**Available data**
>>>>
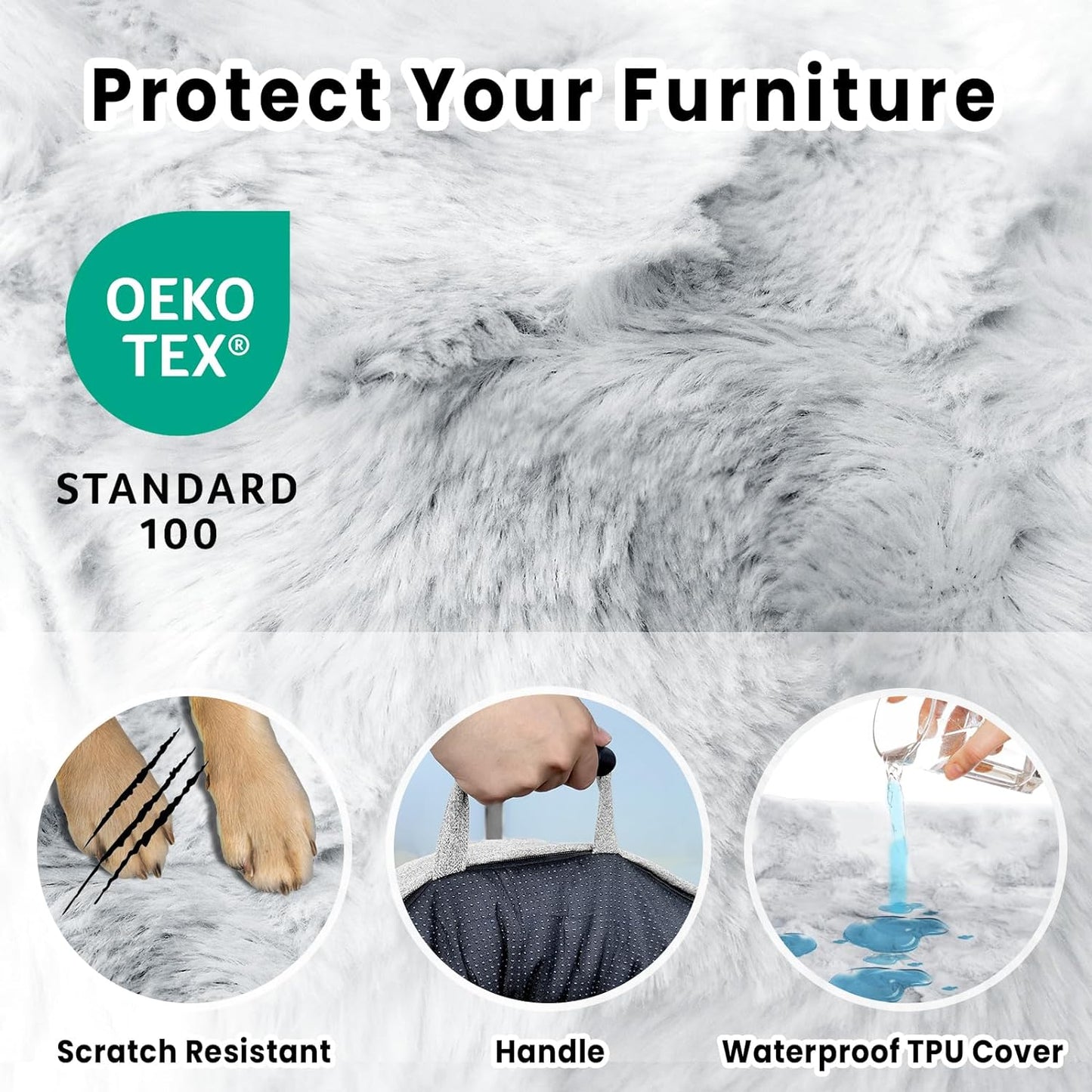 Calming Dog Couch Bed for Medium Dogs/Cats, 35 x 31 inch Waterproof Removable Pet Mat Couch Cover for Furniture Protector, Non-Slip Fluffy Pelsbarn Dog Bed for Couch, Sofa - Tie-Dye Grey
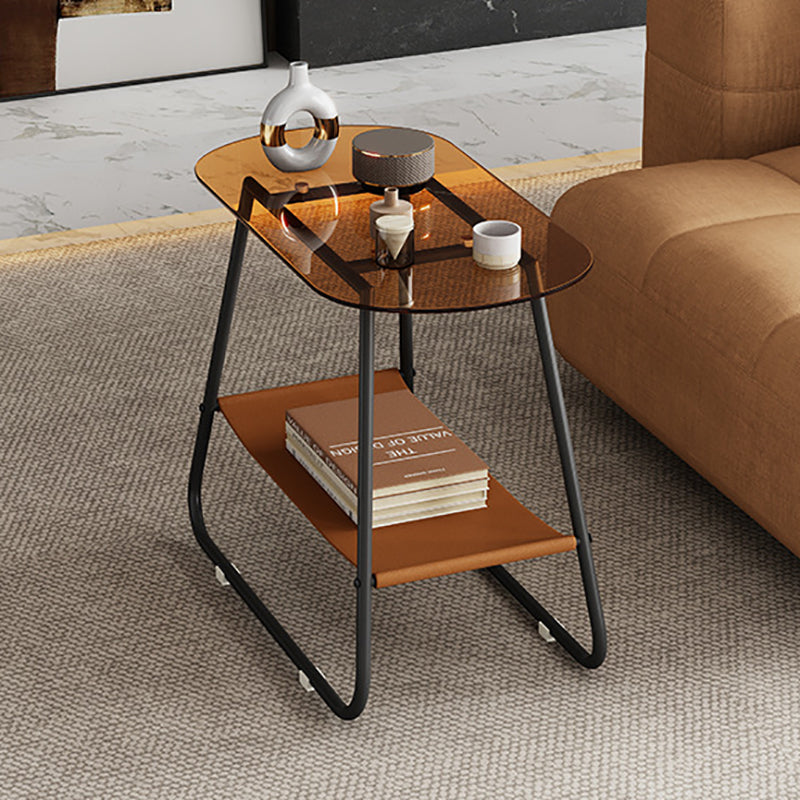 Modern End Table Glass Sled with Storage Oval Double Tier Side Table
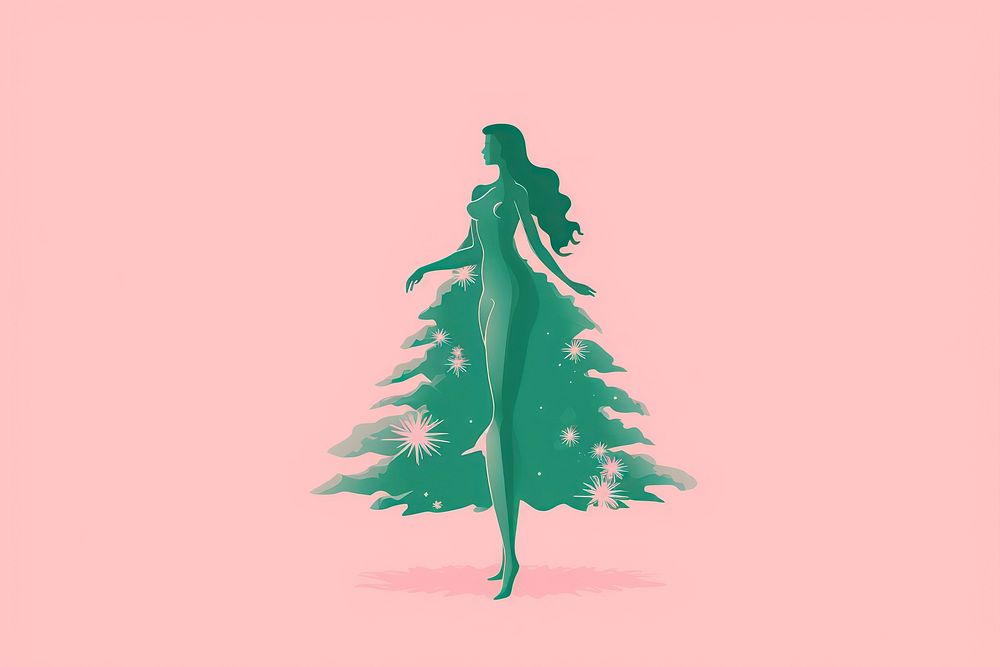 Mermaid christmas drawing sketch. AI generated Image by rawpixel.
<<<<
**Exercise requirements**
Nothing but the lines from the line with "Modern End Table" through the end of the listing should appear in the answer, each duplicated exactly, without pictures.

**Result of the task**
 Modern End Table Glass Sled with Storage Oval Double Tier Side Table
 Mermaid christmas drawing sketch. AI generated Image by rawpixel.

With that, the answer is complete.